Impact of magnetism on gravitational waves emitted by compact galactic binaries in quasi-circular orbits

TL;DR

This paper investigates how magnetism in white dwarfs and neutron stars within galactic binaries affects the gravitational wave signals detected by LISA, highlighting potential biases in data analysis.

Contribution

It introduces the first analysis of magnetic effects on gravitational waves from galactic binaries in quasi-circular orbits, challenging the non-magnetic assumption.

Findings

Magnetism can significantly alter gravitational wave signals.

Ignoring magnetism may bias source parameter estimation.

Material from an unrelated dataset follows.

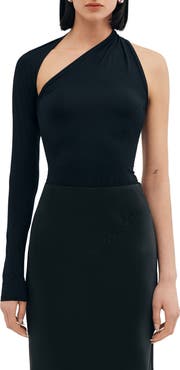Two Lines by Marcella Milan One-Shoulder Jersey Top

Magnetic effects are relevant for accurate LISA data interpretation.

Abstract

The LISA (Laser Interferometer Space Antenna) mission will observe in the low frequency band from 0.1 mHz to 1 Hz. In this regime, we expect the galactic binaries to be the dominant (by number) sources of gravitational waves signal. Considering that galactic binaries are composed of the most magnetized astrophysical objects in the universe (i.e., the white dwarfs and the neutron stars), LISA is expected to bring new informations about the origin and the nature of magnetism inside degenerated stars. Currently, the data processing assumes that the galactic binary systems are non-magnetic and in circular orbits which can potentially biased the determination of the parameters of the sources and also the calibration of the detector. In this work, we investigate the impact of magnetism on gravitational waves emitted by compact galactic binaries assuming quasi-circular orbits.